|Staff party 1985. That’s not my real nose, by the way. ha.|
According to psychologists, the answer to that question is “yes.” In study after study, all other things being equal, men find funny women less attractive than women who are not funny. Wow. Who knew? I always thought that, other than being smart, and kind, and hard-working, being funny is the best thing you can be.

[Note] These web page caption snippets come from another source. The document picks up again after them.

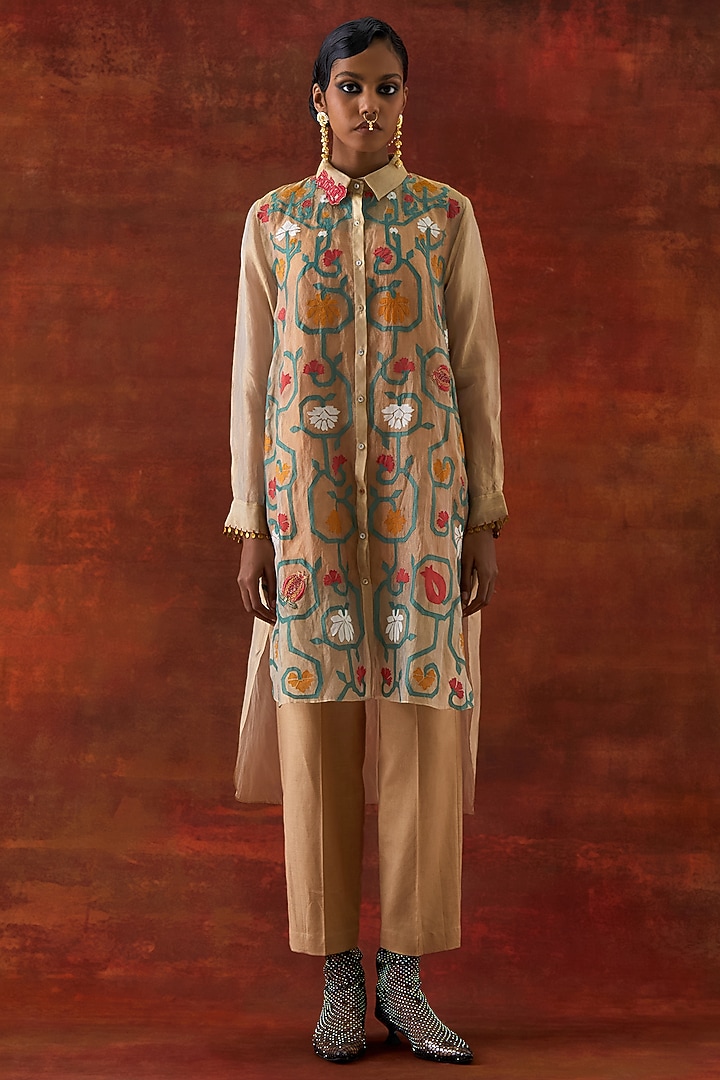 Gold Tissue Embroidered Co-Ord Set by Jajaabor at Pernia's Pop Up Shop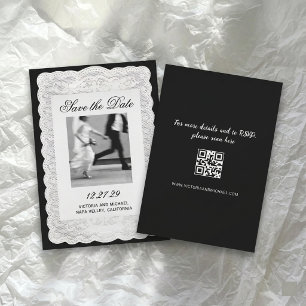 Antike weiße Papier-Spitze schwarzes Foto Hochzeit Save The Date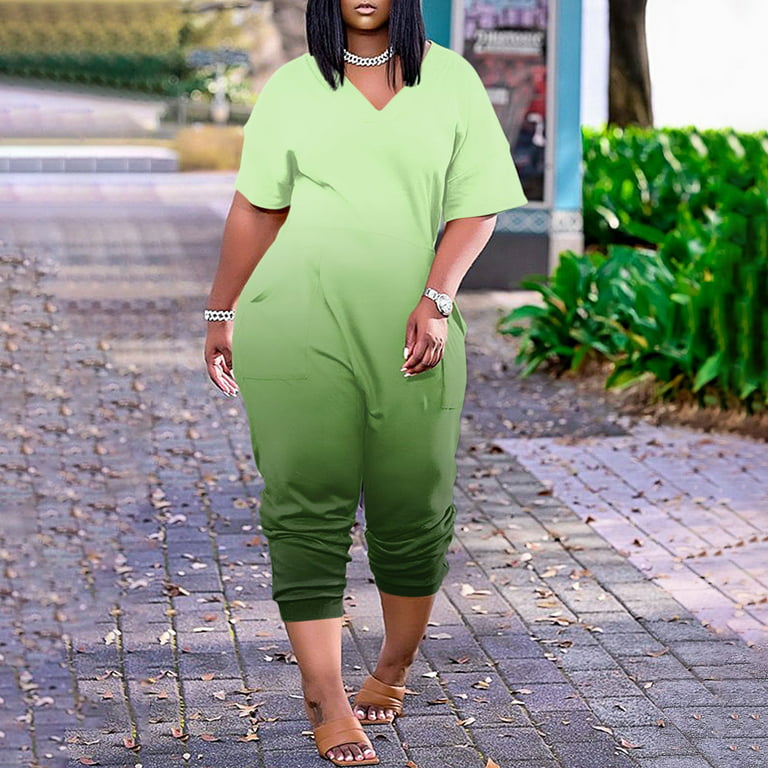 ELFINDEA Capri Pants for Women Plus Size Casual V Neck Short Sleeve Zipper  Overalls with Pockets Wide Long Jumpsuits (S-5XL) Green 4XL 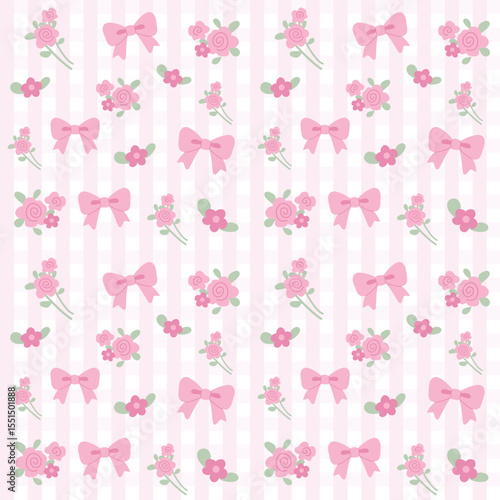 Coquette Ribbon and Flower Seamless Pattern on Stripe Background.Cute Pink Bow Repeat Design for Fabric, paper.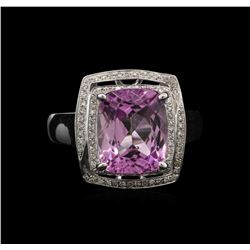 5.27ct Kunzite and Diamond Ring  - 14KT White Gold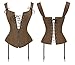 Charmian Women's Renaissance Lace Up Vintage Boned Bustier Corset with Garters Brown X-Large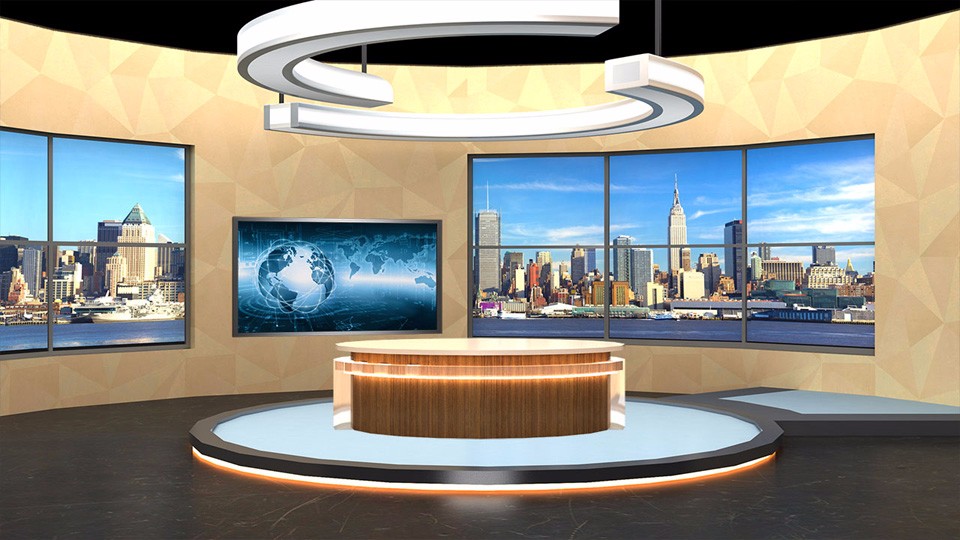 圆弧形风格虚拟演播室背景素材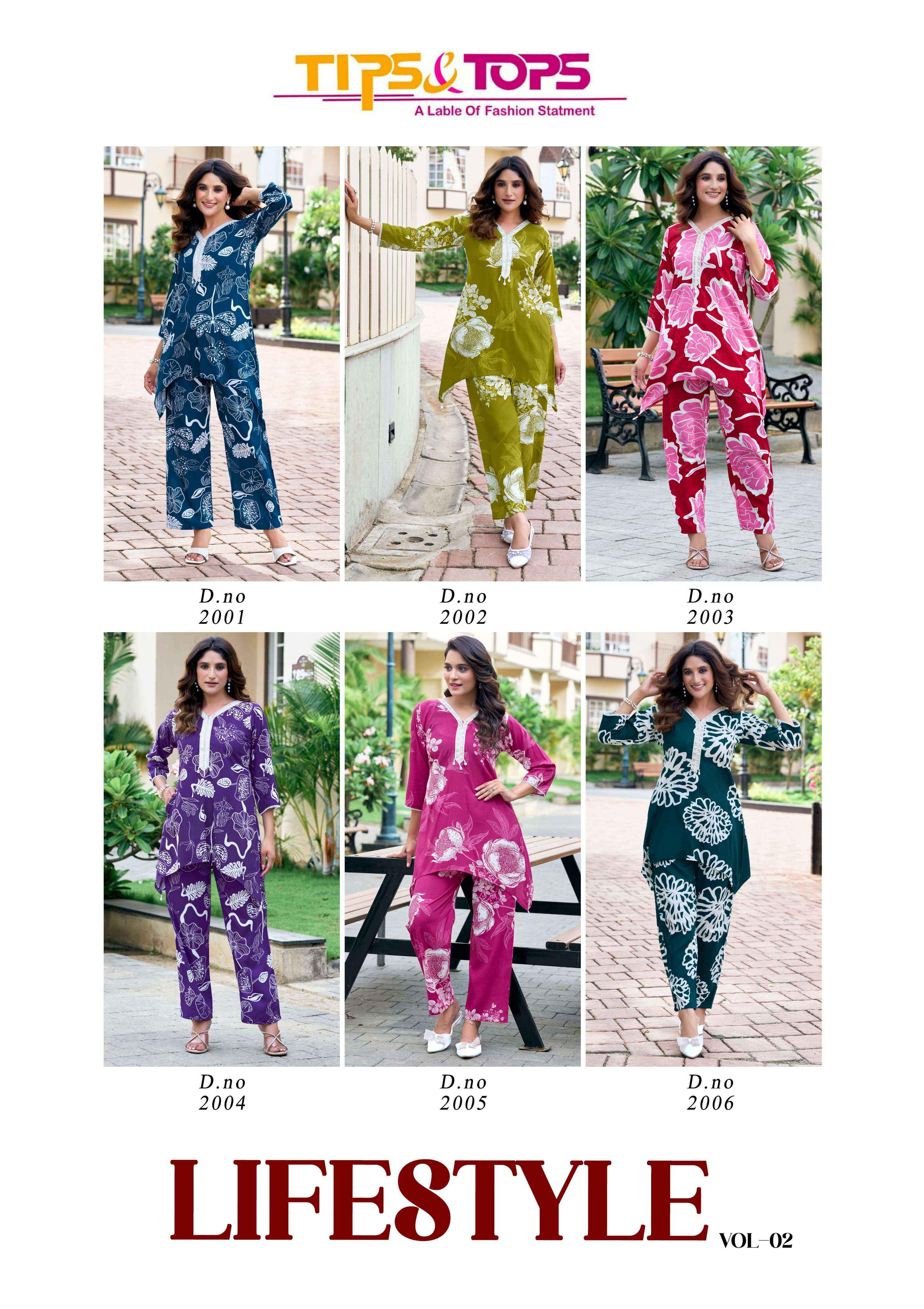 Tips & Tops Lifestyle Vol 2 Rayon Co ord set 6 pcs Catalogue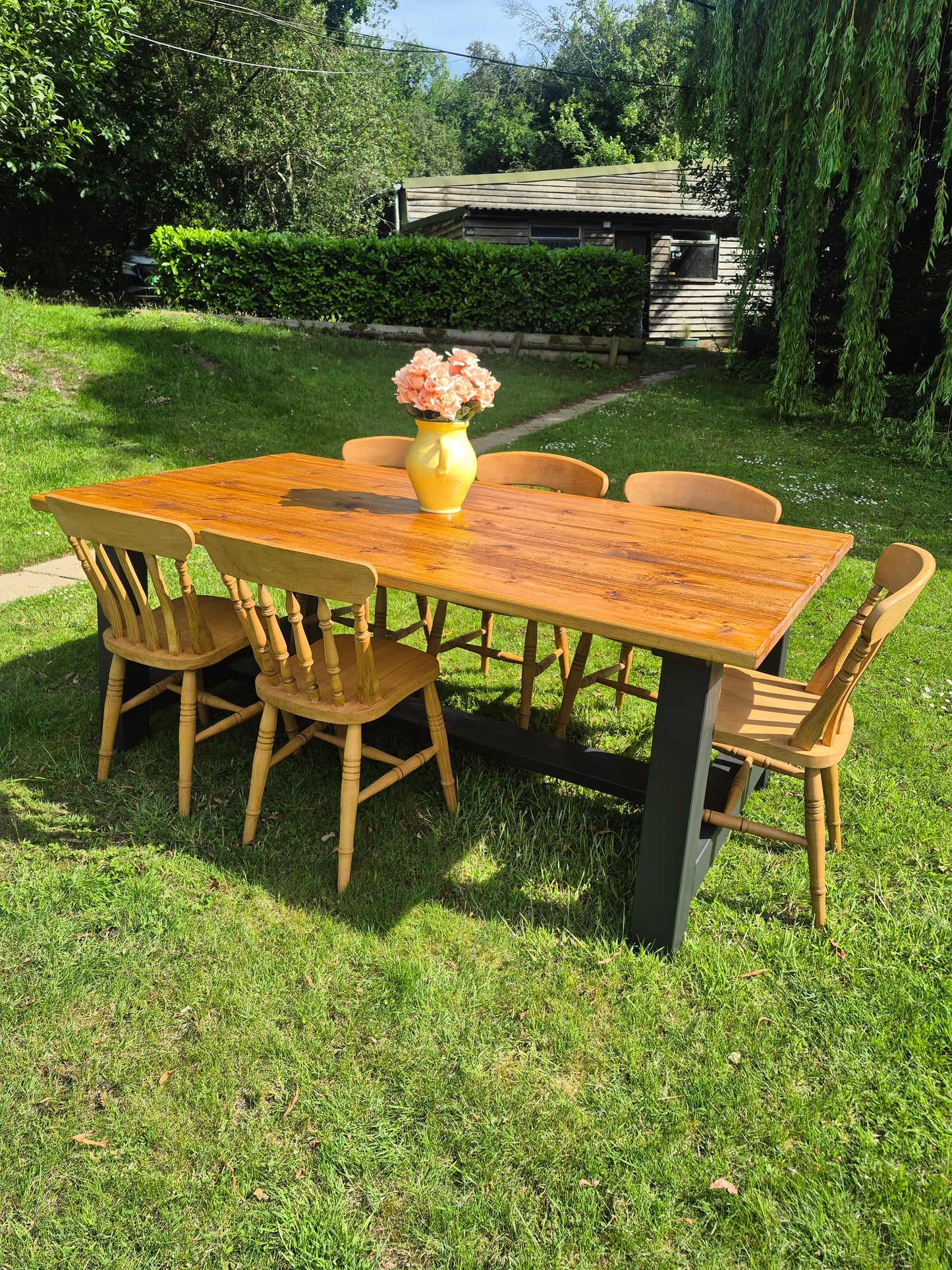 Solid Pine Rough Sawn Farmhouse Table, Stained and Oiled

I come from a family where humor is deeply ingrained, and considered a most desirable trait. We laugh at everything. Quick, witty comebacks are our stock in trade. I still laugh at how my grandfather used to say my uncle, who had super curly hair, that he looked like he combed his hair with the egg beater. I love that line. Or the night when I was ten or eleven and at the dinner table, referring to my supposed lack of knowledge, my Mum said, “I guess it’s time we had that talk about sex.” And my older brother, then nineteen, quipped, “Okay, Mum. What do you want to know?” Ha. That line is legendary in my family. Actually, I’ve probably told you that story before.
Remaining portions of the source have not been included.